The runtime logs messages such as the one below, for every invocation (I'm using a timer to start an orchestrator every minute):

Function '*** (Orchestrator)' is waiting for input. Reason: WaitForLockAcquisitionCompleted:aac581b8-c88d-5ef3-a31d-87fd45eca3de.

Relevant source code snippets

I have a reproducable example here: https://github.com/basilfx/Azure-EntityLocked. The README.md includes steps to reproduce.

Known workarounds

Clear the storage account, then restart the function.

App Details

C#, Extension version 2.2.1 (also 2.1.1 is affected). Functions V2 (locally and in Azure).

Screenshots

Not applicable.

If deployed to Azure

I cannot share all details of similar code that runs in production. The issue can be reproduced locally.

bug

Source

basilfx

👍2

All 20 comments

Hi @basilfx, thanks for giving us a complete solution for repro, very helpful indeed!
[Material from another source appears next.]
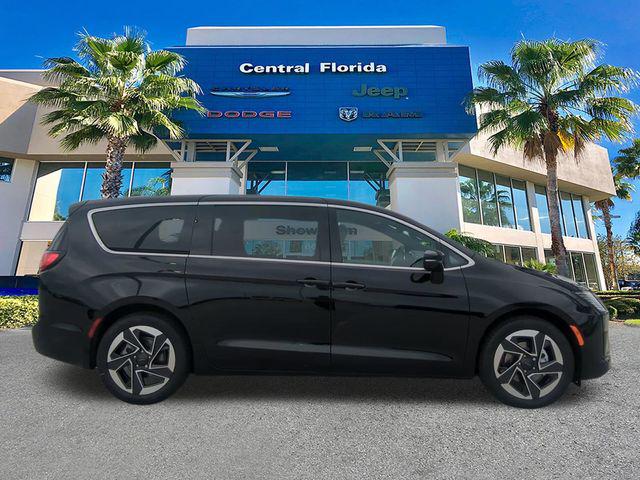 2027 Chrysler Pacifica Limited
~~Looks like a message is lost somehow, causing the orchestration to hang and never release the lock. I'll need to investigate more why this is happening.~~

Oddly, the message seemed to reappear while I was typing this comment and the orchestration completed! So I think what's happening with the criticial section is that the message delivery mechanism is "recovering" from the shutdown as designed, but only slowly:

Azure queue delivers the lock grant message to orchestration
the orchestration enters the critical section and stops at breakpoint
stopping the application at this point means orchestration work item does not finish
therefore lock grant message does not get permanently deleted from the queue yet
after the visibility timeout (5 minutes) the message reappears in queue
If app is still running, message is delivered to orchestration
the orchestration resumes the critical section, completes it, and releases the lock

So it is actually working correctly, it is just recovering from the "crash" rather slowly because of how this design uses the Azure Queues visibility timeout to ensure reliable delivery.

I validated that this by watching the message appear in the control queue, using storage explorer. When I shut down the app at the breakpoint all control queues look empty but five minutes later the message reappears in one of them.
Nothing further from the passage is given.